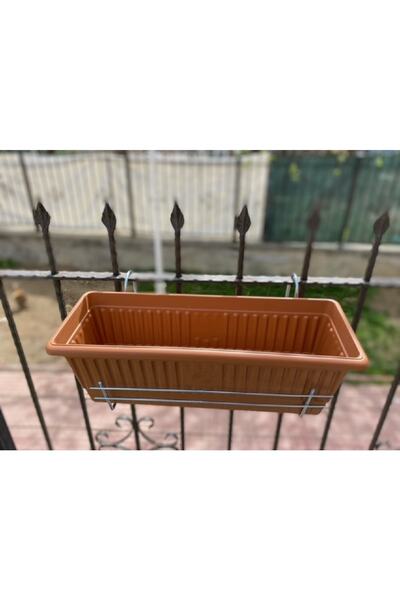 RENK YAPI RÜYASI Fransız Balkon Için Asılabilir Saksı + Saksı Askısı Plastik ...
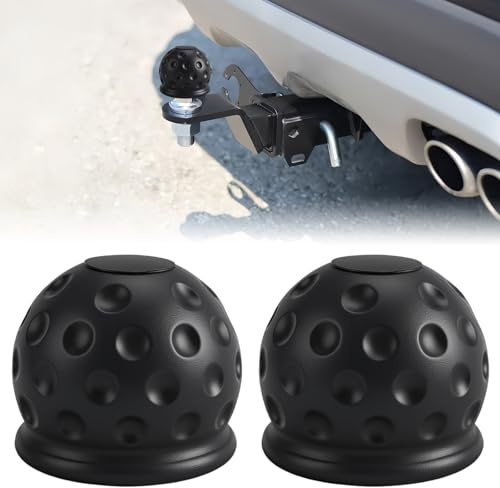 2 Stück Anhängerkupplung Abdeckung,50mm Gummi Kappe Anhängerkupplung,Anhängerkupplung Schutzkappe,Lustig Ball Abdeckung Anhängerkupplung,Kugelkopfabdeckung Anhängerkugelkopf Schutzhülle für Anhänger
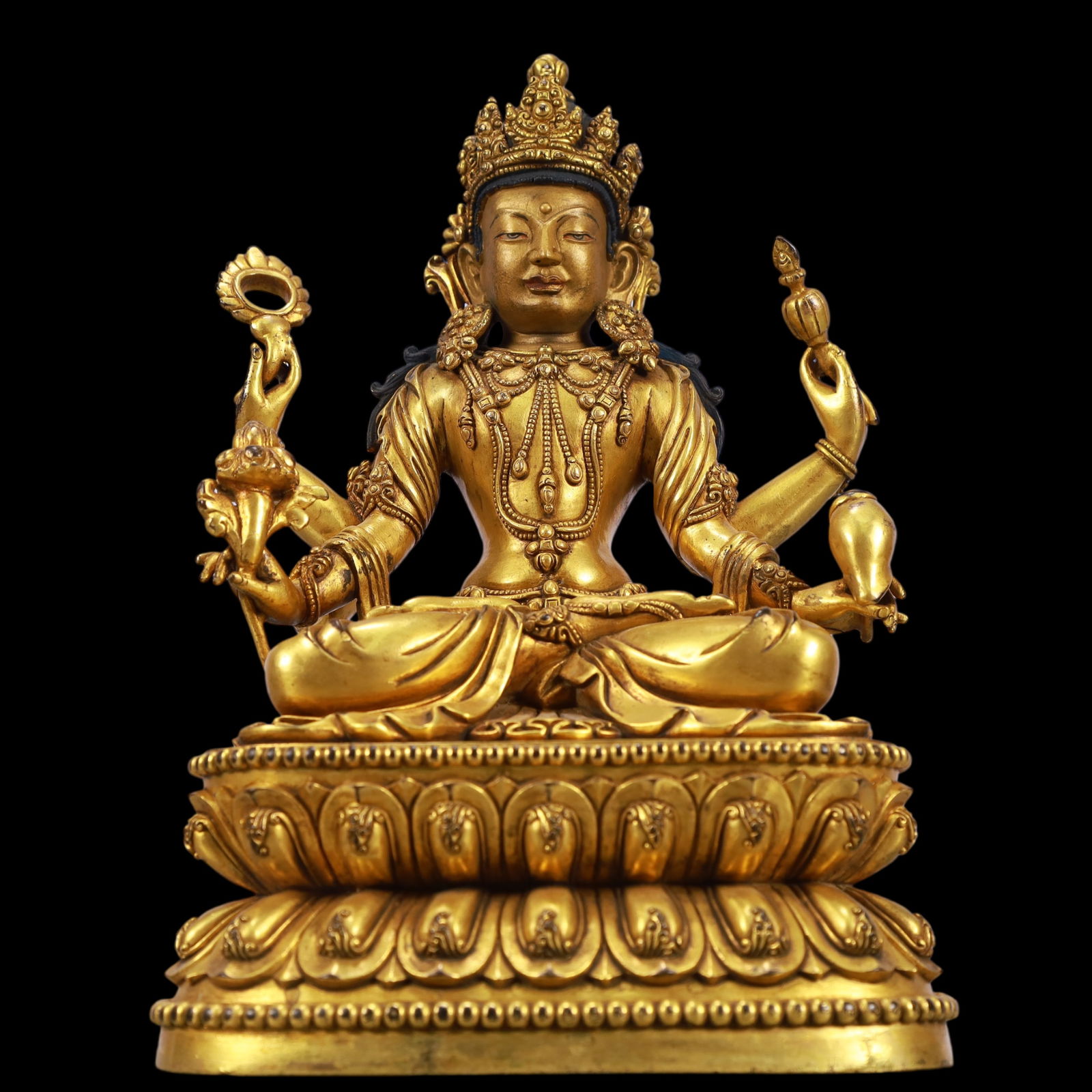 A Exquisite Gilt Bronze Buddha statue - 11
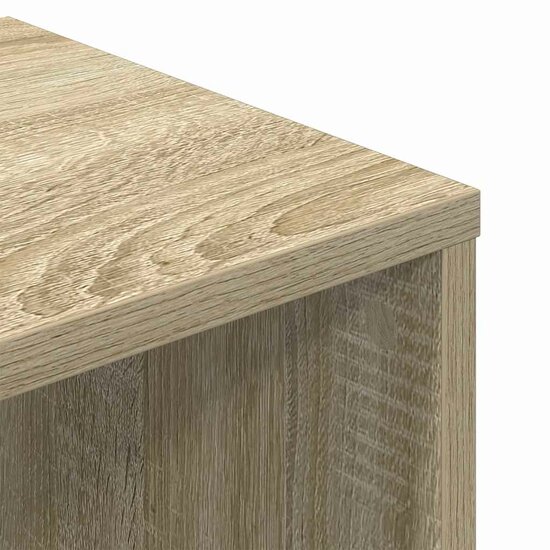 Boekenkast Bewerkt Hout Kleurig 34 x 31 x 112 cm Sonoma eiken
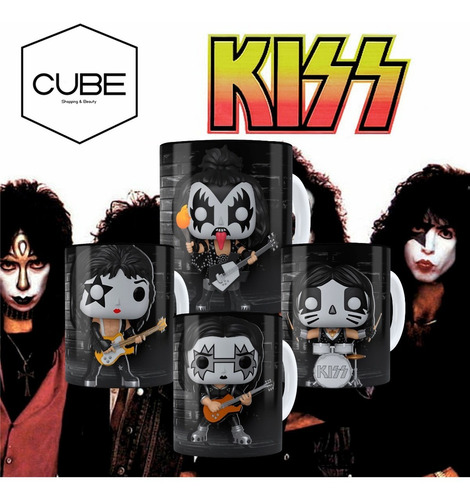 Colección De Tazas Kiss Funkos (4 Tazas)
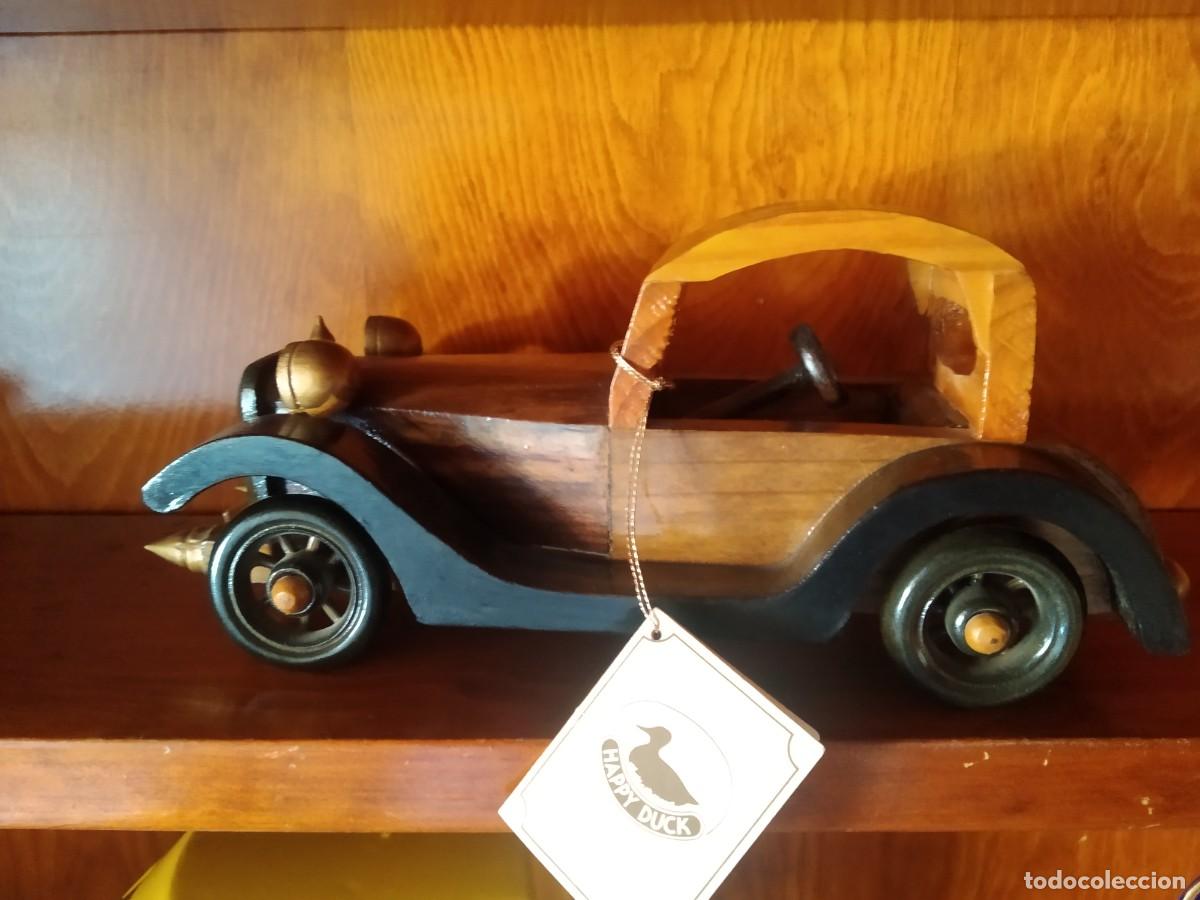 Maquetas: COCHE CL&Aacute;SICO HAPPY DUCK, MADERA - Foto 1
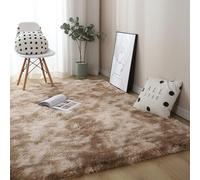 XUEDNGM Tappeto Peloso Soggiorno Tappeto Soggiorno 70 x 180 cm Morbida, Soffici, Antiscivolo, Lavabile Fino, Unicolore Peloso Tappeti Moderni Soggiorno Tappeto da Salotto, cammello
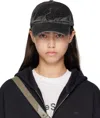 Acne Studios Black Logo Cap In Black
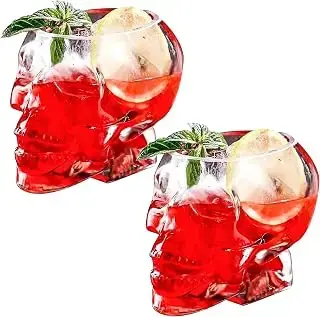 Set of two skull glasses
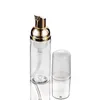 30 ml 50 ml reisschuimer flessen lege plastic schuimflessen met gouden pomp hand wassen zeep mousse crème dispenser borrelende fles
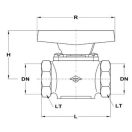 MOFÉM AHA golyóscsap 1/2" BB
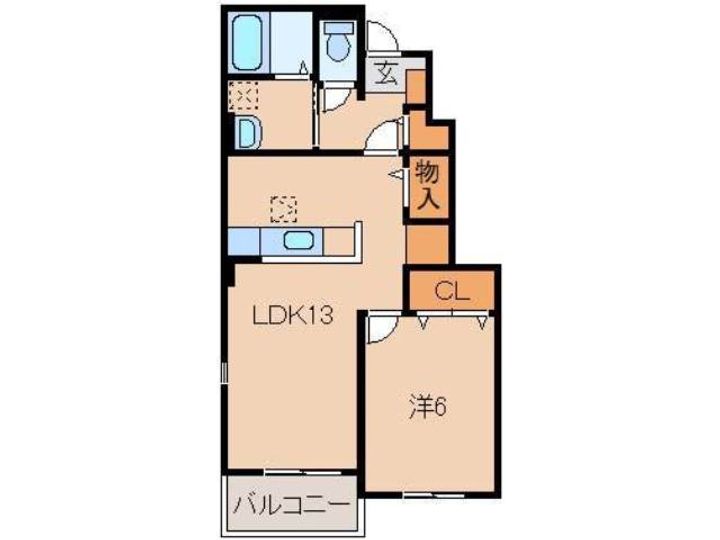 和歌山県和歌山市出島(アパート)の賃貸物件の間取り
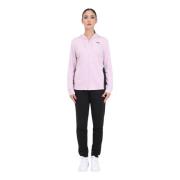 Puma Klassisk huva tracksuit Pink, Dam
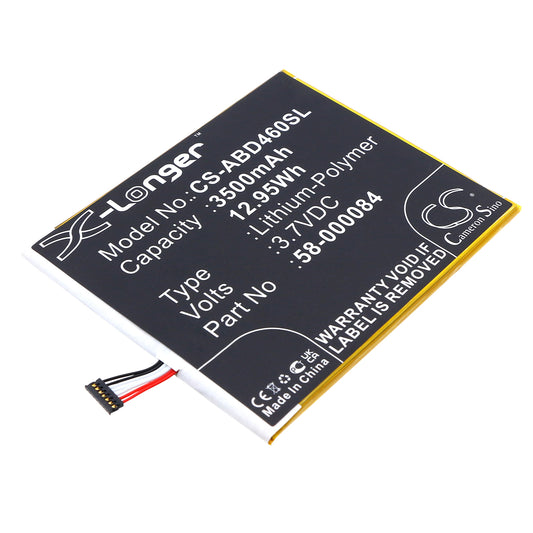 3.7V 3500mAh/12.95Wh Li-Polymer Tablet Battery for Amazon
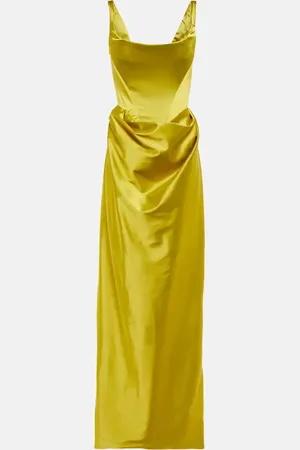 Vivienne Westwood Abito bustier lungo in raso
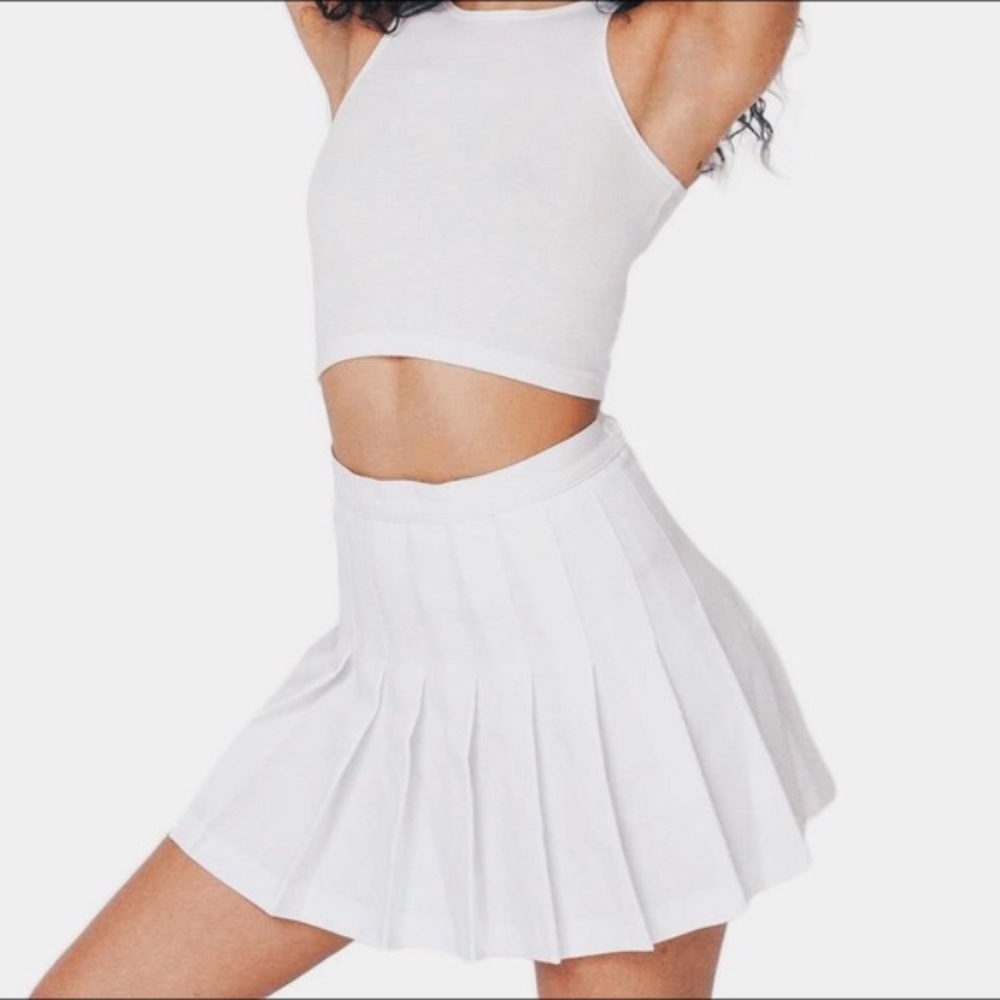 AA white tennis skirt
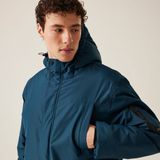 Volter - Heated Herenjack - Waterdicht - Geborsteld Polyester - Met Capuchon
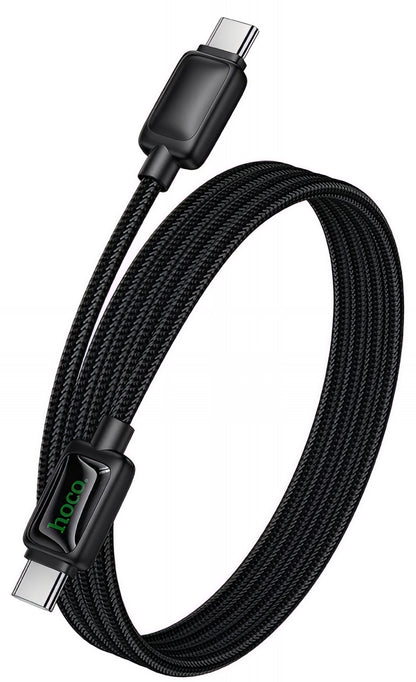 USB-C Daten- und Ladekabel - USB-C HOCO U146, 60W, 1,2m, Schwarz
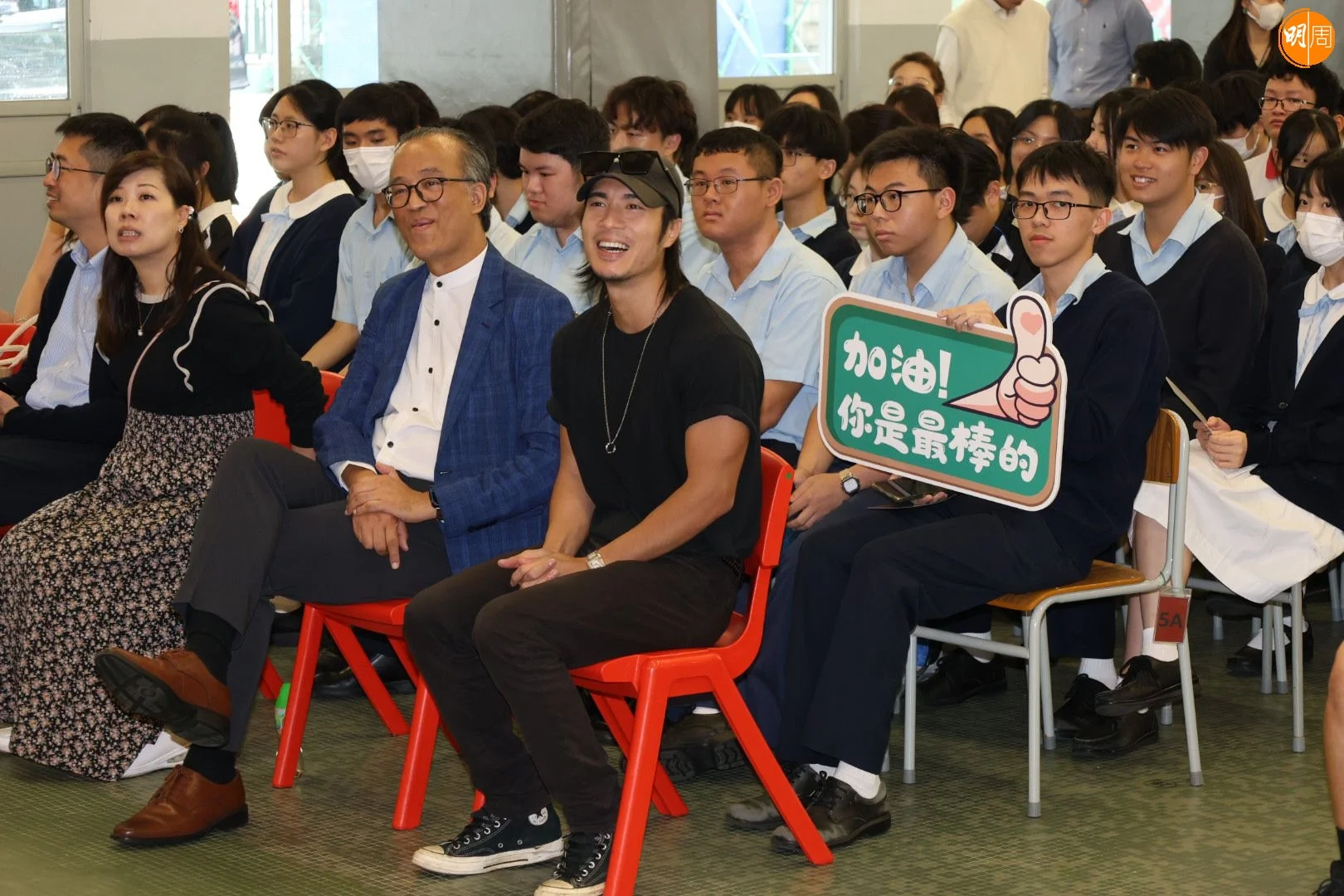 周殷廷在黃大仙進行School Tour分享會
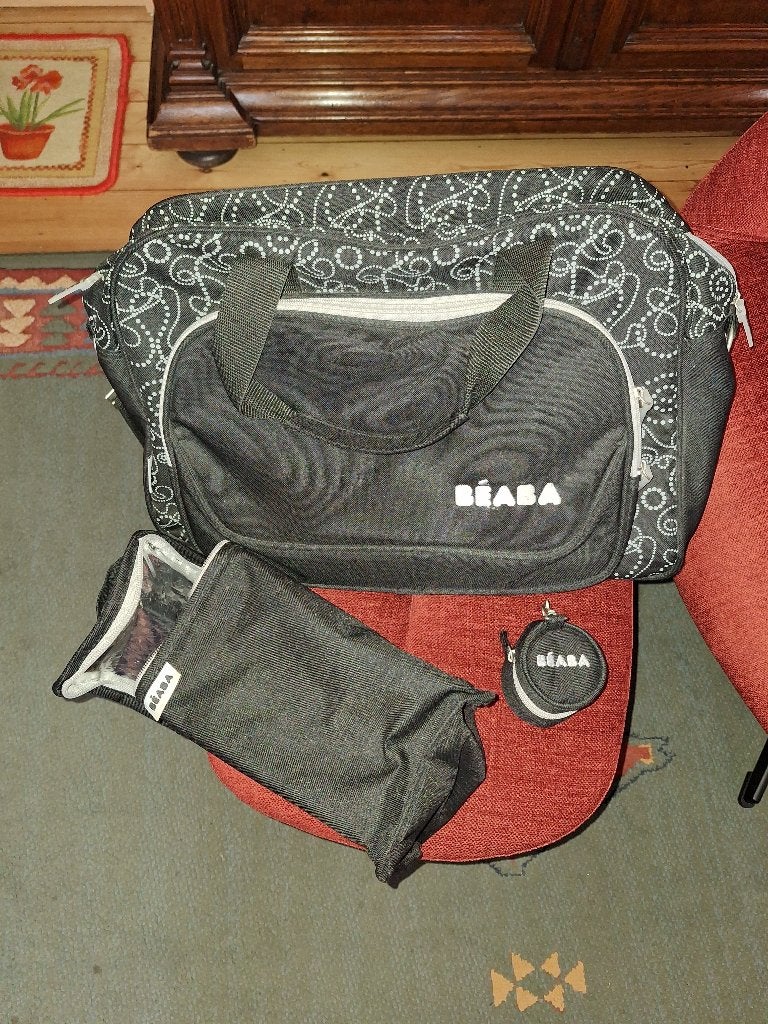 Sac à langer Béaba Genève, Enfants & Bébés, Noir, Sac à langer, Comme neuf, Enlèvement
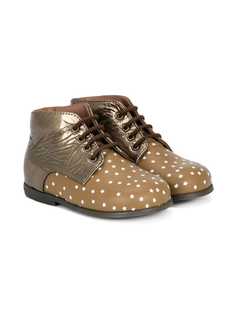 Pèpè ботинки на шнуровке со звездным узором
***
Work task:
Repeat the records above exactly, omitting every picture.

Response:
 RENK YAPI RÜYASI Fransız Balkon Için Asılabilir Saksı + Saksı Askısı Plastik ...
 2 Stück Anhängerkupplung Abdeckung,50mm Gummi Kappe Anhängerkupplung,Anhängerkupplung Schutzkappe,Lustig Ball Abdeckung Anhängerkupplung,Kugelkopfabdeckung Anhängerkugelkopf Schutzhülle für Anhänger
 A Exquisite Gilt Bronze Buddha statue - 11
 Boekenkast Bewerkt Hout Kleurig 34 x 31 x 112 cm Sonoma eiken
 Colección De Tazas Kiss Funkos (4 Tazas)
 Maquetas: COCHE CL&Aacute;SICO HAPPY DUCK, MADERA - Foto 1
 XUEDNGM Tappeto Peloso Soggiorno Tappeto Soggiorno 70 x 180 cm Morbida, Soffici, Antiscivolo, Lavabile Fino, Unicolore Peloso Tappeti Moderni Soggiorno Tappeto da Salotto, cammello
 Acne Studios Black Logo Cap In Black
 Set of two skull glasses
 30 ml 50 ml reisschuimer flessen lege plastic schuimflessen met gouden pomp hand wassen zeep mousse crème dispenser borrelende fles
 MOFÉM AHA golyóscsap 1/2" BB
 和歌山県和歌山市出島(アパート)の賃貸物件の間取り
 Puma Klassisk huva tracksuit Pink, Dam
 3.7V 3500mAh/12.95Wh Li-Polymer Tablet Battery for Amazon
 Vivienne Westwood Abito bustier lungo in raso
 AA white tennis skirt
 Volter - Heated Herenjack - Waterdicht - Geborsteld Polyester - Met Capuchon
 USB-C Daten- und Ladekabel - USB-C HOCO U146, 60W, 1,2m, Schwarz
 周殷廷在黃大仙進行School Tour分享會
 Sac à langer Béaba Genève, Enfants & Bébés, Noir, Sac à langer, Comme neuf, Enlèvement
 Pèpè ботинки на шнуровке со звездным узором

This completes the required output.